Additionally, investments in transport infrastructure can have several indirect effects on locations beyond the reach of lower transport costs. First of all, the aforementioned increase in local wages can lead to migration. On the other hand, the rise in local wages increases demand for products from other regions. These other regions see an increase in production and wages, which generates growth that feeds back across regions connected by trade. Additionally, consumers in regions indirectly affected by the project benefit from lower prices of goods produced in regions directly affected by the project. Finally, producers in regions not directly affected by the project suffer increased competition from producers in regions directly affected by it.

Literature on international trade and economic geography uses a market access approach that enables an analysis of global effects of transport network changes on producers and consumers. These various effects can be summarized using an accessibility metric known as “market access”. This measure can be constructed with information on transport costs in all municipalities and relevant markets.

In an innovative application, CPI/PUC-Rio researchers adapted the market access approach to quantify the effects of building highways, railroads, or waterways on deforestation. This methodology is based on the three steps described further below. The analysis identifies transport infrastructure built or improved over time to determine the costs of bilateral trade. Geoprocessing tools and freight information on various agricultural products are used to generate bilateral transport cost data on all Brazilian municipalities and between the municipalities and their nearest ports from 1990 to 2010.

1. Bilateral transport costs are constructed and combined with municipal population measures to create market access measures for each municipality.
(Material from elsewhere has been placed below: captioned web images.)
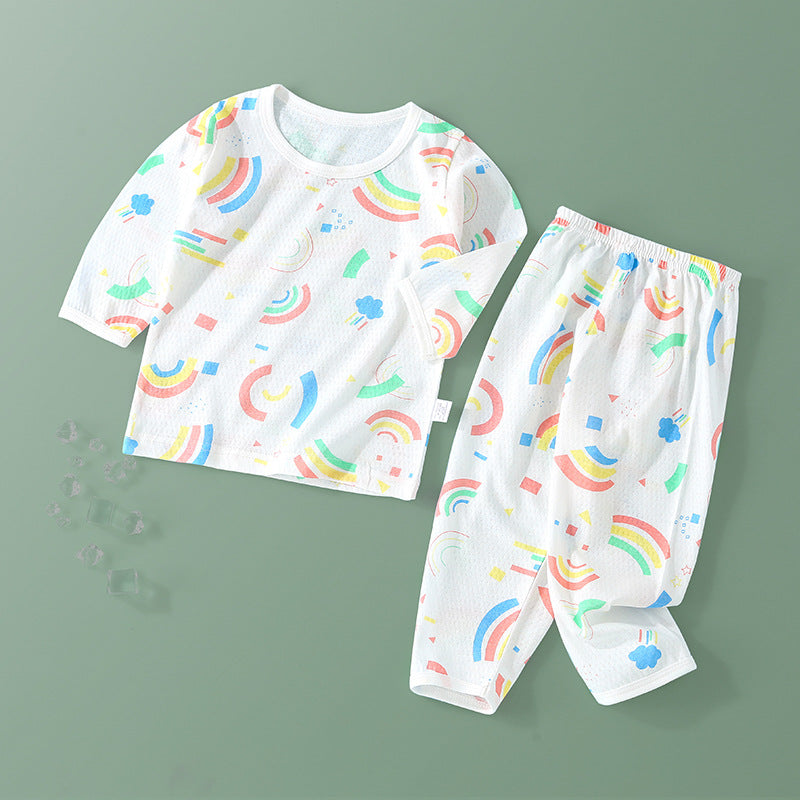 Baby air conditioning suit suit thin long sleeves summerpure cotton male baby home clothes summer clothes female kids pajamas summer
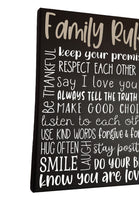 Family Rules Customized Painted Canvas Wall Sign - Samantha's 716 Creations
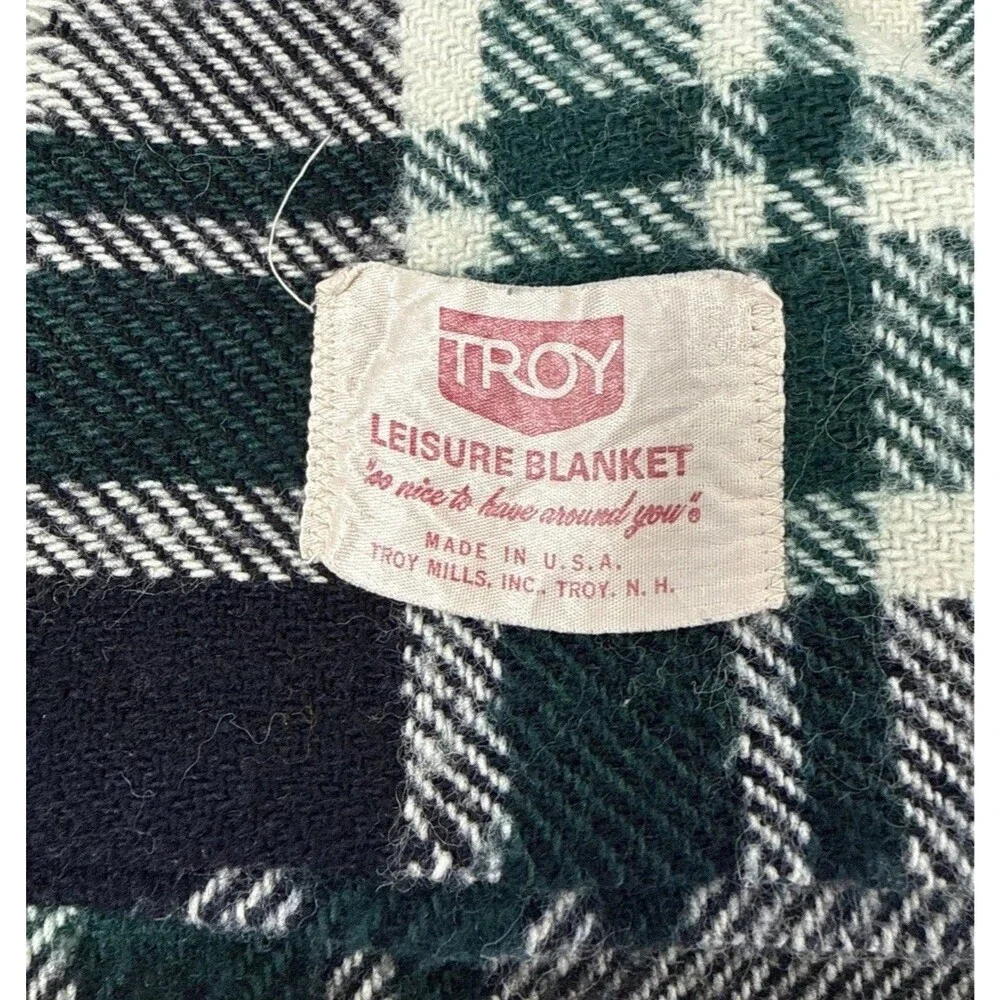 Vtg Troy Wool Leisure Blanket Green Navy Plaid Stadium Throw Fringe 48x53 USA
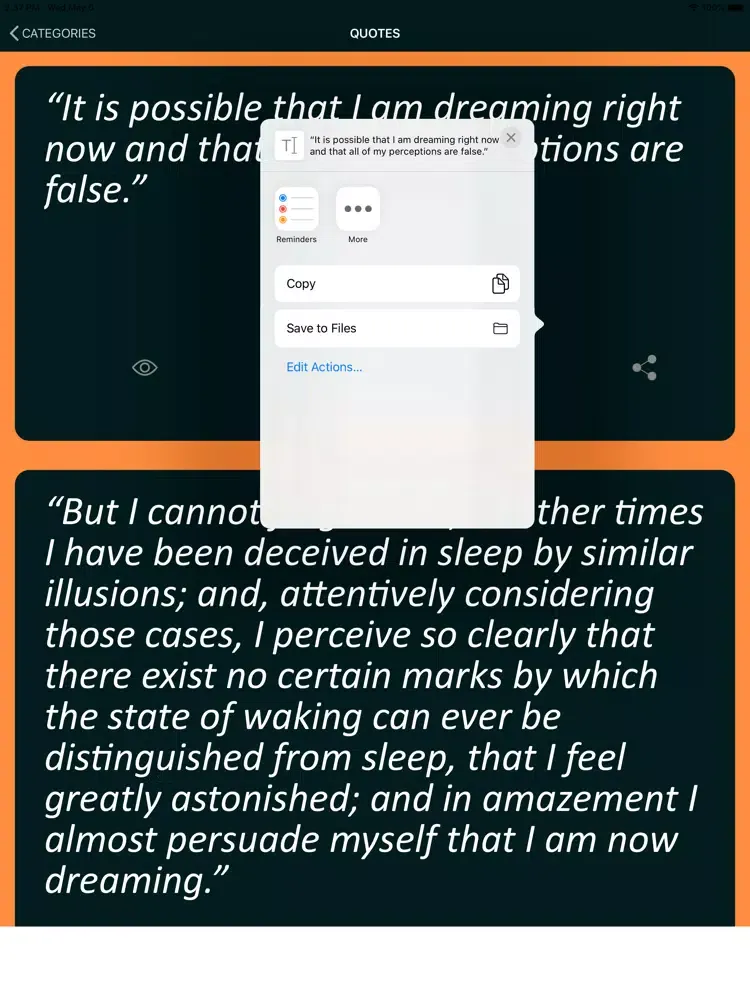 Ảnh chụp màn hình của Rene Descartes Wisdom iPad 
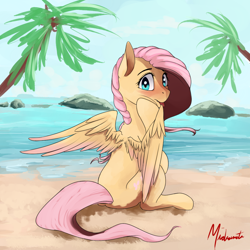 Size: 1000x1000 | Tagged: safe, artist:miokomata, fluttershy, pegasus, pony, beach, blushing, cute, looking at you, ocean, sand, shyabetes, signature, sitting, solo, spread wings, tongue out, water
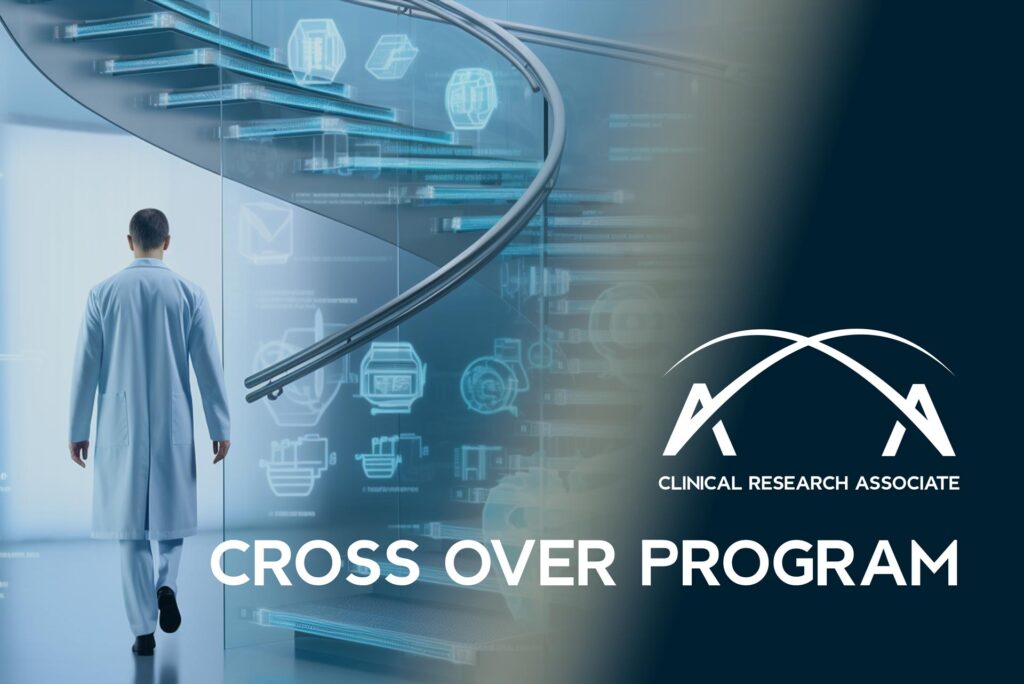 Man in lab coat walking by futuristic diagrams; CROSS OVER PROGRAM text visible.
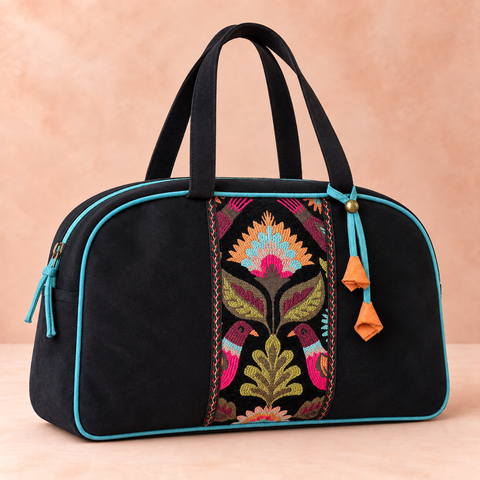 Lovebirds black velvet patchwork Overnighter front with colorful bird tapestry, turquoise trim and raised black handles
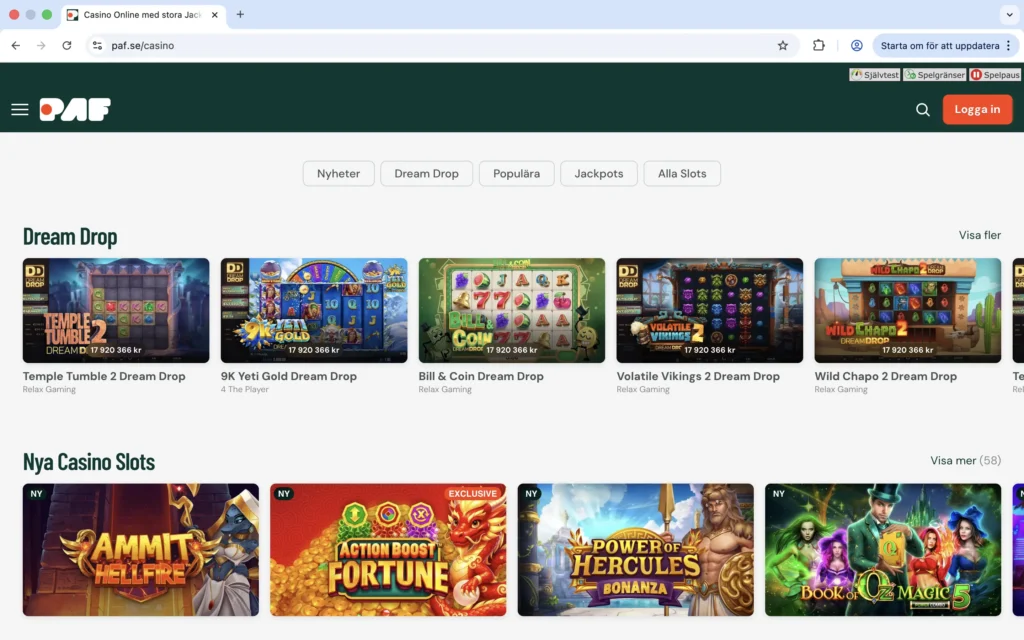 Skärmavbild från Paf casino-sida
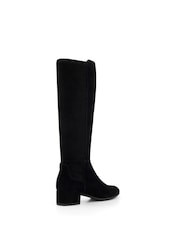 Dune London Black Suede Wide Fit Tayla Smart Stretch High Leg Boots - Image 4 of 6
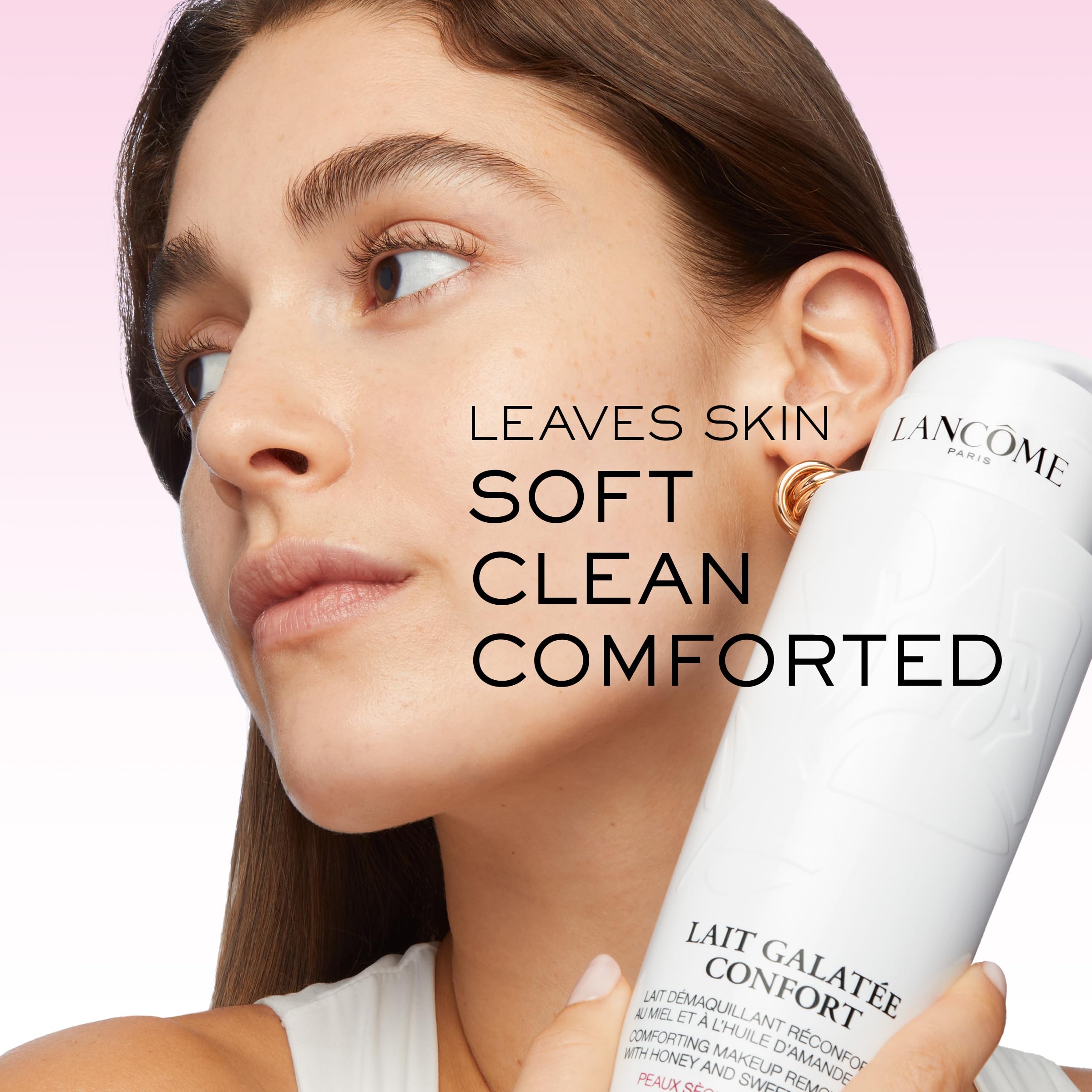 Lancôme Lait Galatée Confort face cleanser application for makeup melt and conditioning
Municipalities with higher transport costs are less competitive and can reach fewer markets with their products, so their market access is more limited. The analysis shows that the construction and/or paving of highways considerably improves market access not only for municipalities located around the investment, but also for municipalities that are not located directly around the project. This suggests that this approach can identify areas of indirect influence much more accurately than other approaches that only use project distance metrics to identify such areas. A broader identification of areas of influence reflects the ability of the market access measure to encompass multiple dimensions in which changes to transport costs can affect economic dynamics.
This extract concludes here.